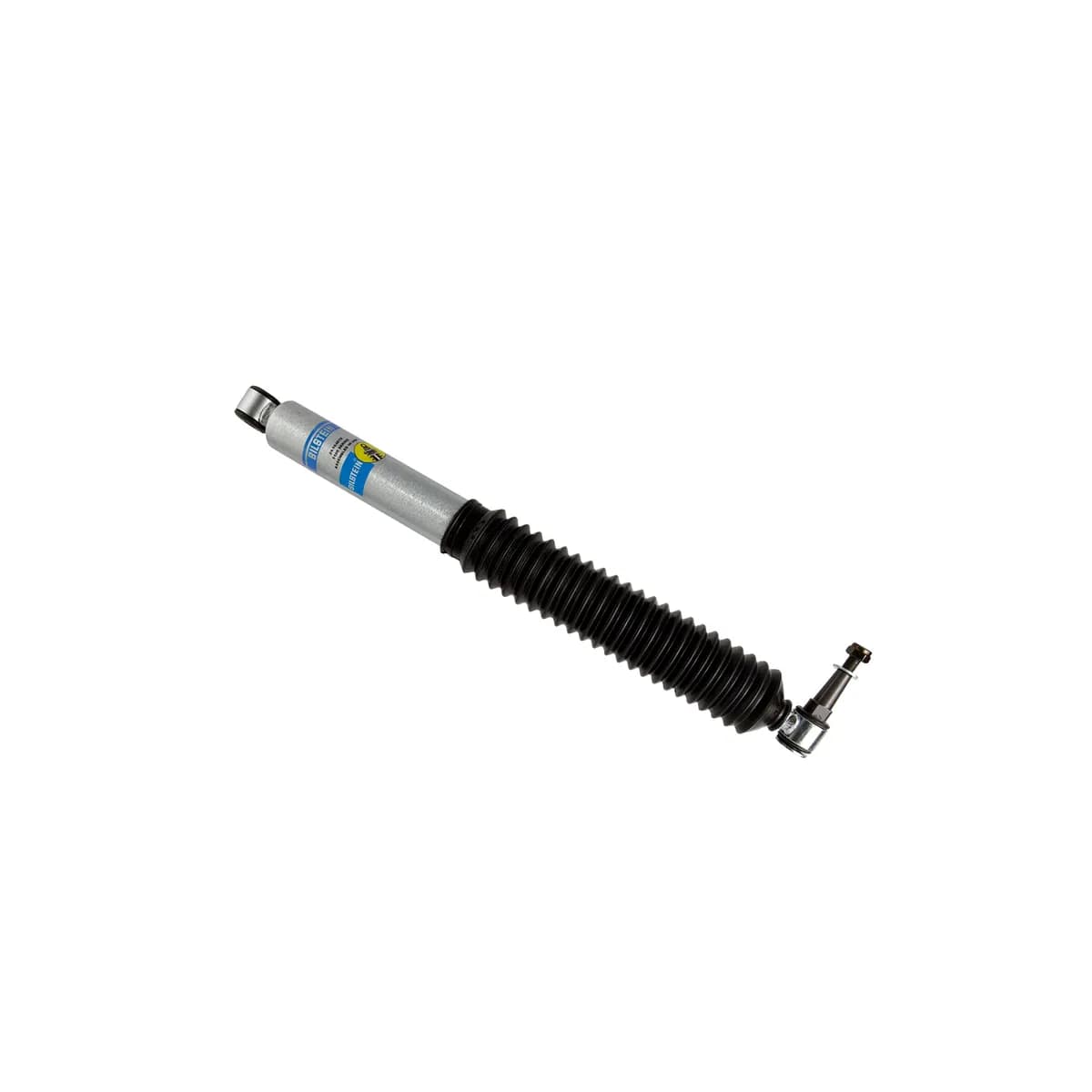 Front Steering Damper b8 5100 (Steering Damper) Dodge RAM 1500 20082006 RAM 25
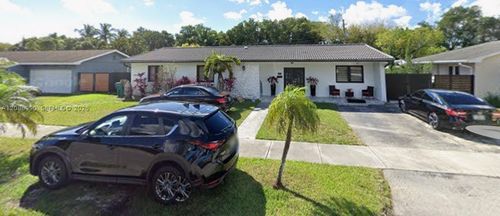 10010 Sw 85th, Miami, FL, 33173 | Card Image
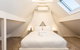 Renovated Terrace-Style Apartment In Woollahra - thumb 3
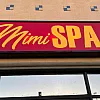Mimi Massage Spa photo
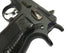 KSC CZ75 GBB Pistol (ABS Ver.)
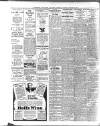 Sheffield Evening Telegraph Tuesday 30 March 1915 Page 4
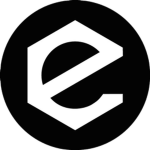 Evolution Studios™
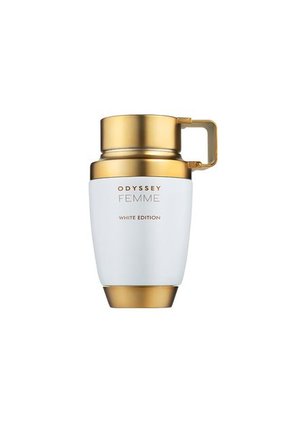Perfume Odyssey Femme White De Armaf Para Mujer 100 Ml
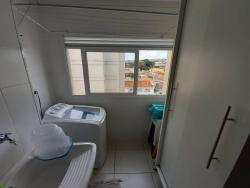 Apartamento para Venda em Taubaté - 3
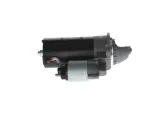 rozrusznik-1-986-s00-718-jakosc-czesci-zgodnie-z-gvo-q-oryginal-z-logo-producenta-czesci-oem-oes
----
Problem to solve:
Please transcribe each entry exactly, but skip any picture it holds.

Solution to the problem:
 Front Steering Damper b8 5100 (Steering Damper) Dodge RAM 1500 20082006 RAM 25
 10010 Sw 85th, Miami, FL, 33173 | Card Image
 Renovated Terrace-Style Apartment In Woollahra - thumb 3
Mimi Massage Spa photo
 KSC CZ75 GBB Pistol (ABS Ver.)
 Sheffield Evening Telegraph Tuesday 30 March 1915 Page 4
 Evolution Studios™
Perfume Odyssey Femme White De Armaf Para Mujer 100 Ml
 Apartamento para Venda em Taubaté - 3
 rozrusznik-1-986-s00-718-jakosc-czesci-zgodnie-z-gvo-q-oryginal-z-logo-producenta-czesci-oem-oes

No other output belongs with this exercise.